Entre as mudanças que demandam mudança na Constituição, estão o aumento da idade mínima -- ponto que Bolsonaro havia dito antes que seria importante assegurar ainda em 2018 --, o valor dos benefícios para servidores que entraram no serviço público até 2013, alterações na aposentadoria rural e referentes aos Benefícios de Prestação Continuada (BPC).
Por projeto de lei, é possível mudar, por exemplo, as regras para pensões por morte, o valor dos benefícios e a carência da aposentadoria por idade para trabalhadores do Regime Geral de Previdência Social, da iniciativa privada.
PERCALÇOS LEGISLATIVOS
O líder do governo na Câmara dos Deputados, Aguinaldo Ribeiro (PP-PB), avaliou nesta quarta-feira que a reforma da Previdência "é um tema que tem uma complexidade muito maior", quando questionado sobre a viabilidade do texto passar antes da posse de Bolsonaro em janeiro.
Ele cita, por exemplo, que a intervenção federal na área de segurança pública do Rio de Janeiro é um dos obstáculos para a votação da proposta, e lembra que o tema em si ainda exige discussão --durante períodos de intervenção federal em um Estado, o Congresso não pode alterar a Constituição.
"Também não sabemos ainda o que o governo eleito efetivamente tem como disposição”, pontuou.
As declarações do líder do governo seguem o tom adotado por boa parte dos parlamentares, que não nutrem simpatia pela retomada da votação da reforma neste ano.
Até mesmo o presidente da Câmara, Rodrigo Maia (DEM-RJ), defensor da reforma desde o início, reconhece que, por ora, não há condições para sua aprovação, evitando fixar um prazo para sua deliberação -- o que seria “precipitado”.
Na véspera, o futuro ministro da Fazenda, Paulo Guedes, afirmou que caso a reforma da Previdência de Temer não seja aprovada neste ano caberá a Bolsonaro trabalhar com uma "nova reforma" no ano que vem.
O desejo de Guedes é que algumas mudanças sobre o regime atual, de repartição, já sejam chanceladas, o que retiraria uma "nuvem negra" sobre o próximo governo e permitiria que a equipe econômica estudasse por um ano a proposta de introdução do regime de capitalização, que ele vê como mais sustentável.
Por isso, Guedes vem fazendo uma enfática defesa da aprovação do texto que já está em tramitação. Ao mesmo tempo, também já reconheceu que o ônus da tarefa recairá principalmente sobre o atual Congresso.

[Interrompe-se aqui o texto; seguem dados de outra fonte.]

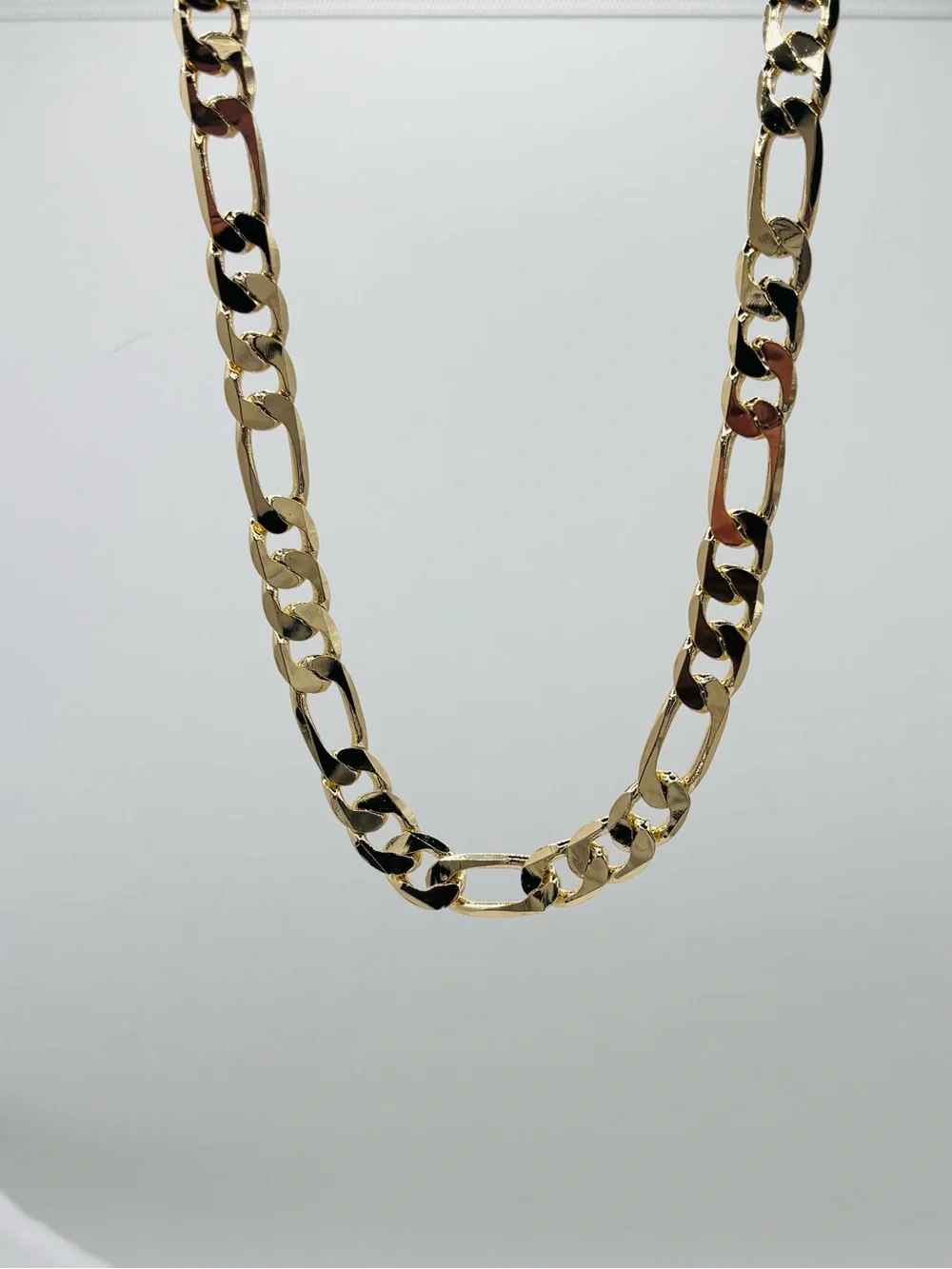 Men's Gold Figaro Chain Necklace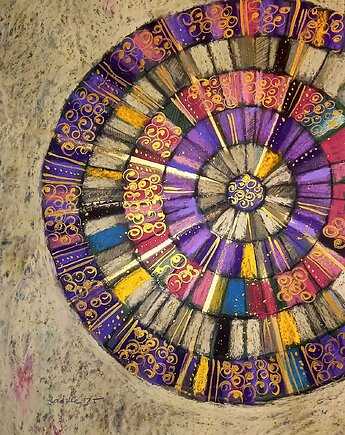 Mandala 28 - rysunek B2 unikat, Katarzyna Radzka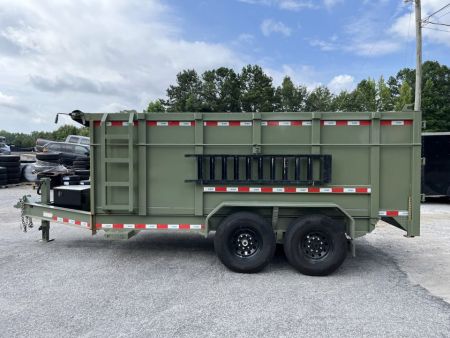 Used USED 2026 7X14 14K DUMP TRAILER WITH 4' WALLS ($900 DOWN ON RTO CONTRACT)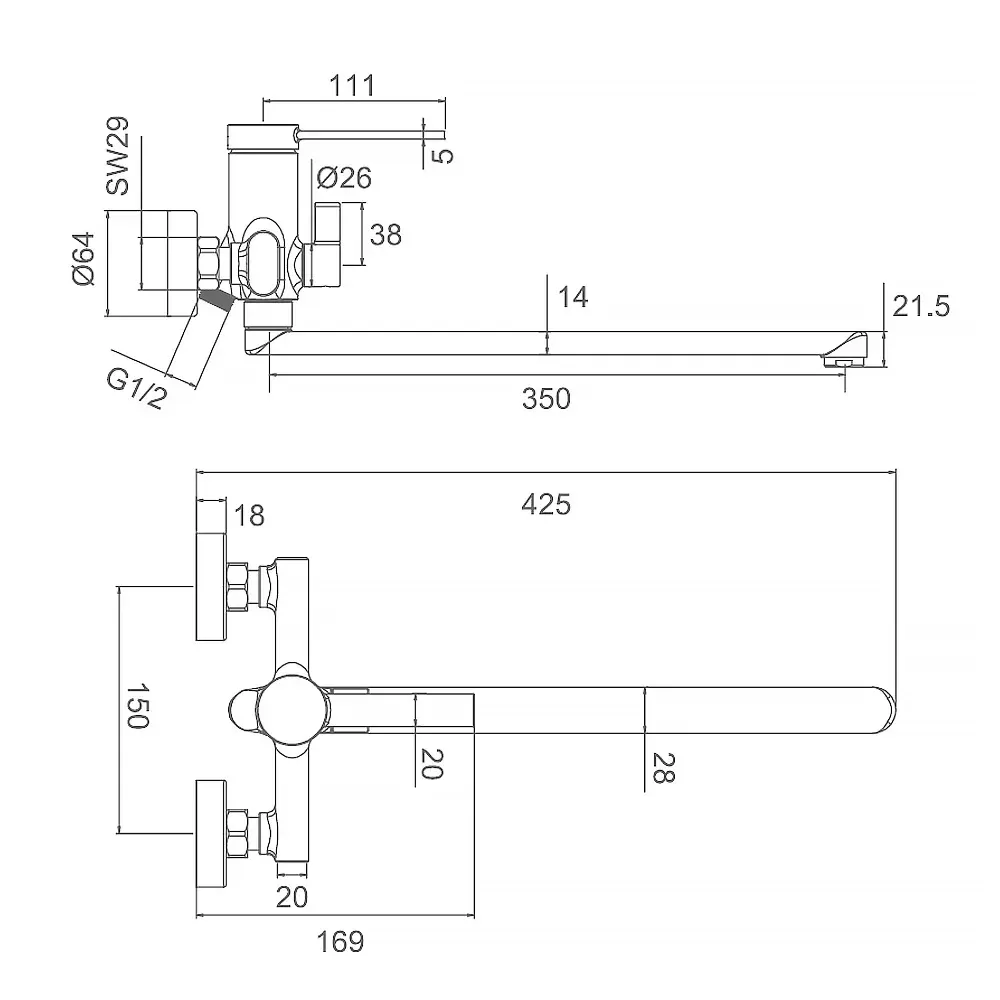 Змішувач для ванни з душовим гарнітуром FRAP F2267-6 чорний Київ - фото 10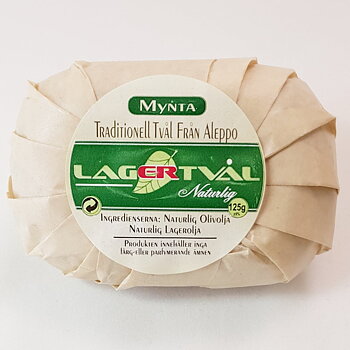 Aleppotvål oval, mynta ca 125g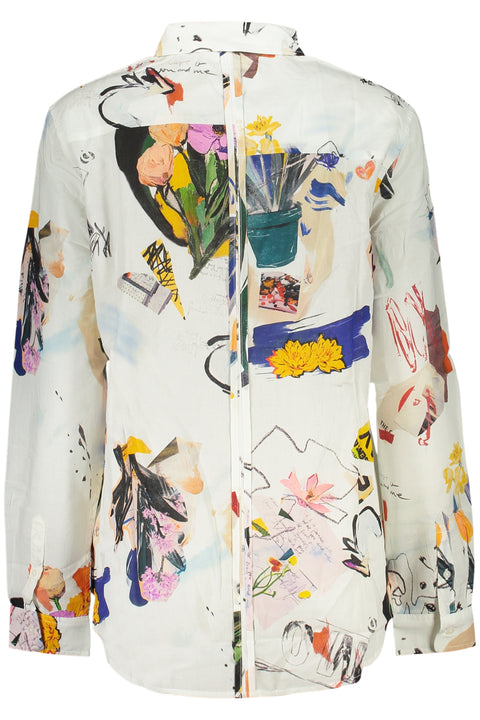Desigual Camicia Maniche Lunghe Donna Bianco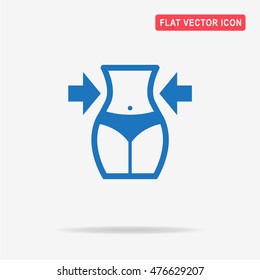 Diet icon. Vector concept illustration for design.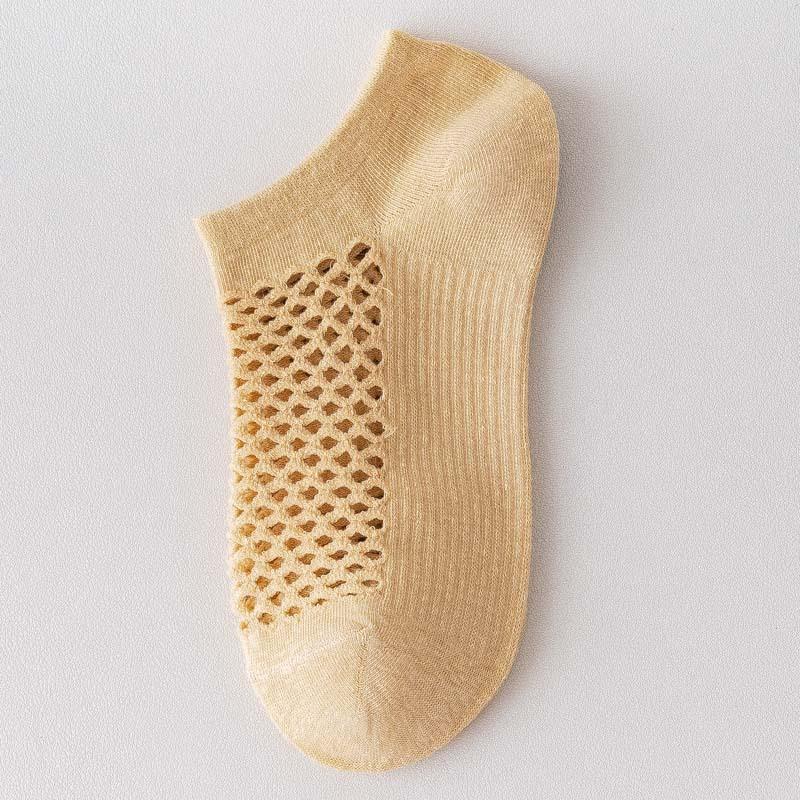 Милые индивидуальные носки с отверстиями, летние носки с большой сеткой, женские тонкие дышащие короткие носки, носки-лодочки с низким верхом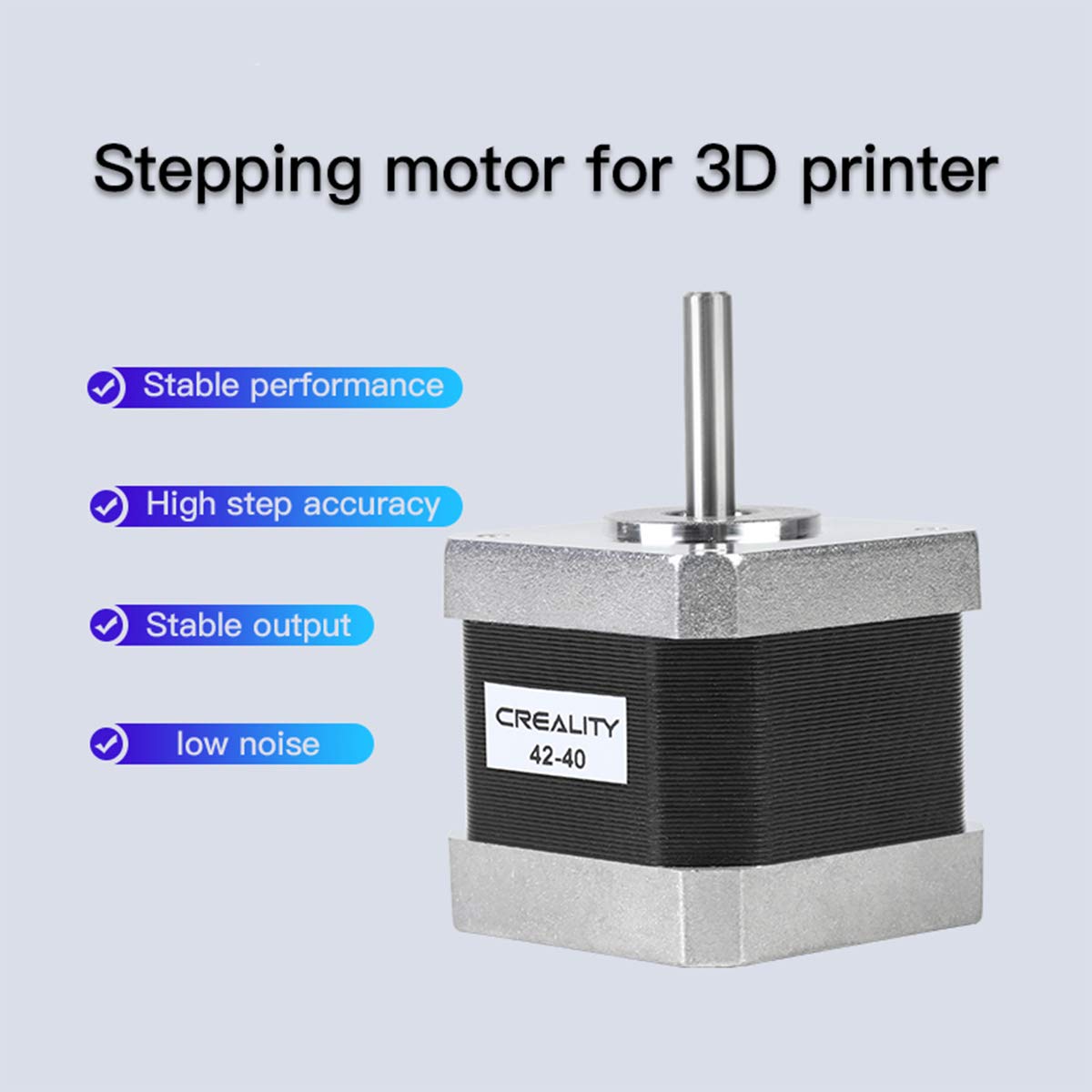 Creality 3D Printer 42 40 Stepper Motor, 2 Phase 1A 1.8 Degree 0.4N.M Stepper Motor For 3D Printer Extruder, Compatible With Cr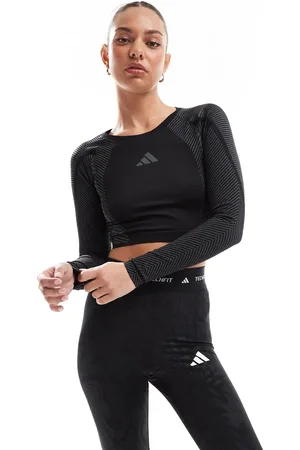 adidas Adidas Training seamless long sleeve top in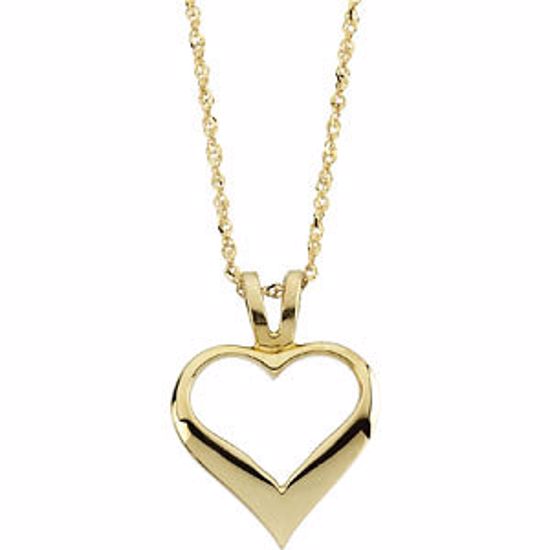 69078:80703:P Heart Pendant on a Sparkle Singapore Chain              			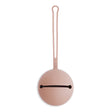 Mushie Étui à Sucette en Silicone - Blush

Ecoando a percepção de que a tarefa não será simples, uma fonte da equipe econômica ouvida pela Reuters afirmou que a proposta pode esbarrar na falta de apoio de deputados e senadores que não foram reeleitos e que se engajavam mais na pauta fiscal.
"Baixa probabilidade (de aprovação neste ano). Não porque Guedes não quer, mas porque o Congresso não vai topar. A liderança com quem contávamos não foi reeleita", disse a fonte, citando o senador Romero Jucá (PMDB-RR) e os deputados Darcísio Perondi (MDB-RS) e Pauderney Avelino (DEM-AM) como exemplos.
Uma segunda fonte da equipe econômica avaliou que embora a ideia de aprovar esta reforma agora seja interessante, abrindo espaço para novas e mais profundas alterações à frente, a realidade política é outra.
"Mesmo sendo bem otimista quanto aos prazos internos do Congresso, ou seja, mesmo com o Congresso apoiando muito -- o que não parece ser o caso -- acho que não dá para aprovar", disse.